(EXERCISE DESCRIPTION) A faithful, picture-free copy of the listing below is required.

(DATA SHOWN)
--------

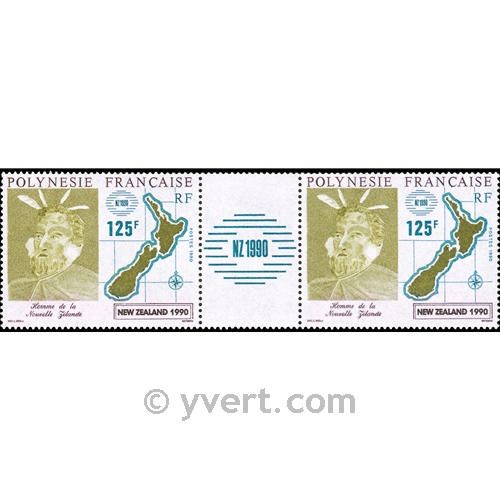 nr. 363A -  Stamp Polynesia Mail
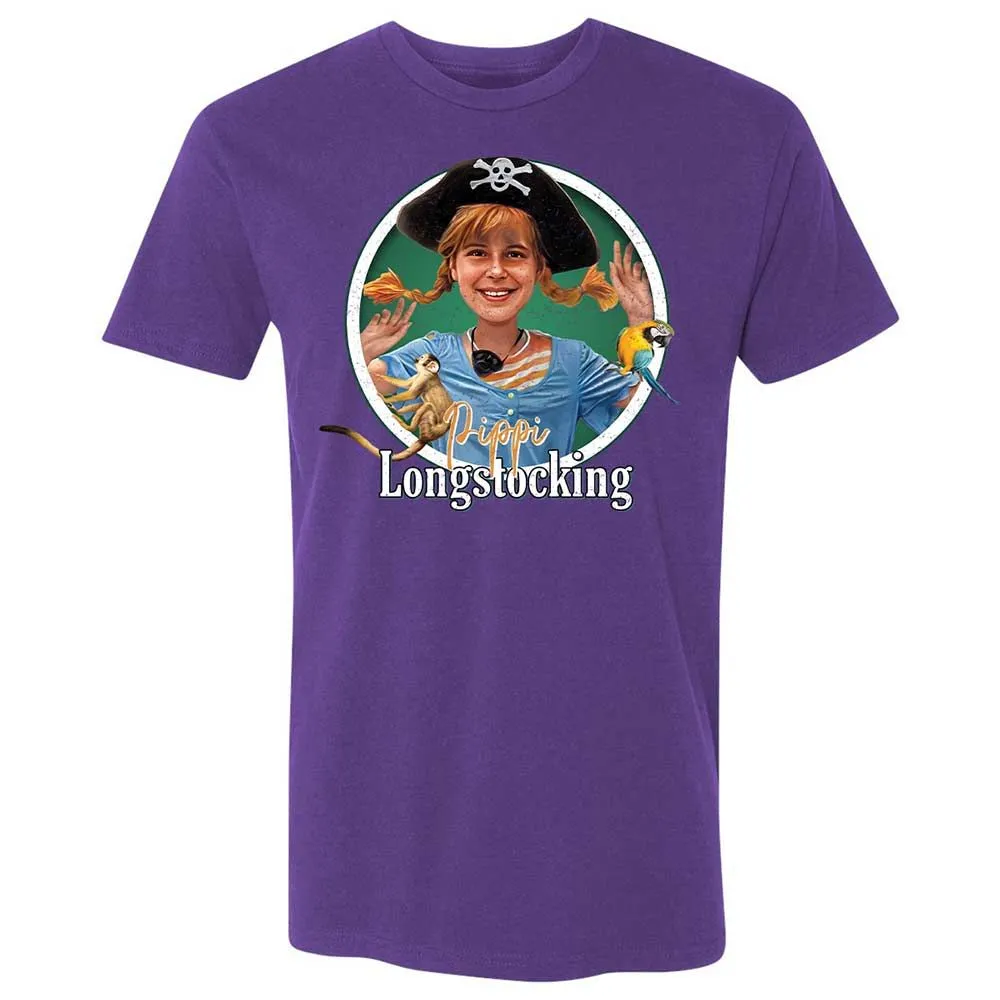Premium Unisex T-Shirt - XHAYR158 - Purple Rush - 14
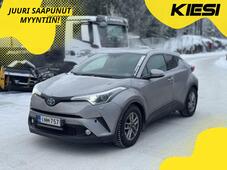 Toyota C-HR vaihtoauto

--------

(ANSWER TO THE EXERCISE)
 nr. 363A -  Stamp Polynesia Mail
Premium Unisex T-Shirt - XHAYR158 - Purple Rush - 14
 Toyota C-HR vaihtoauto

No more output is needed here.